North America's last great forest- the boreal- extends across the continent from Newfoundland to Alaska. This vast wilderness is sometimes referred to as "North America's bird nursery," as nearly half of the common bird species in the U.S. and Canada rely on the boreal for breeding habitat or migration refueling. Much of the boreal forest is intact and relatively undisturbed by human activities, but that is changing. Climate change, oil and gas development and other factors are increasingly impacting this vital habitat.

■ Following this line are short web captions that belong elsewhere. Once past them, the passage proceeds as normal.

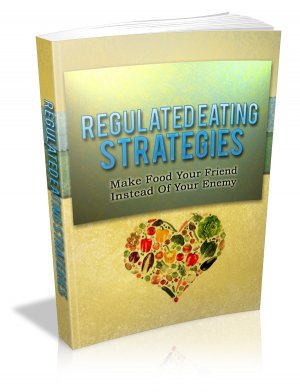 Regulated Eating Strategies Ebook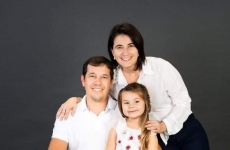 Greice Patrícia Schaade Philippi: com espírito empreendedor, a jovem se destaca em diversas áreas que atua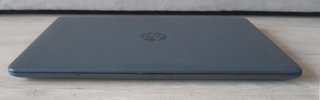 Portátil HP Negro/Gris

"The North American boreal forest provides breeding, stopover, and winter habitat for billions of birds representing hundreds of species, yet we know remarkably little about the status and trends of most of these populations," says Dr. Jim Saracco, Research Ecologist with The Institute for Bird Populations. In a new paper in Avian Conservation and Ecology, which Saracco co-authored, scientists identify the challenges facing bird monitoring efforts in the boreal forest, review the currently available data and monitoring programs operating in the boreal forest, and offer some recommendations for future bird monitoring efforts in this vital region.
"We need to apply all of the tools at our disposal to better understand boreal bird populations and how they may respond to these threats," says Saracco. "This includes understanding and leveraging all of the existing data sets and applying the latest analytical tools to extract as much information from them as possible." The data sets include abundance surveys, like the Breeding Bird Survey (BBS) and the Christmas Bird Count (CBC), as well as capture-mark-recapture efforts like IBP's MAPS (Monitoring Avian Productivity and Survivorship) program.
The scientists also discuss how new techniques in statistical analysis and mathematical modeling can be used to better understand changes in boreal bird populations. "We've learned a lot about sampling designs, data needs, and modeling in the years since programs like the BBS and MAPS were developed," says Saracco. "There is an opportunity to learn from these earlier efforts, as well as from these recent advances to do a better job moving forward."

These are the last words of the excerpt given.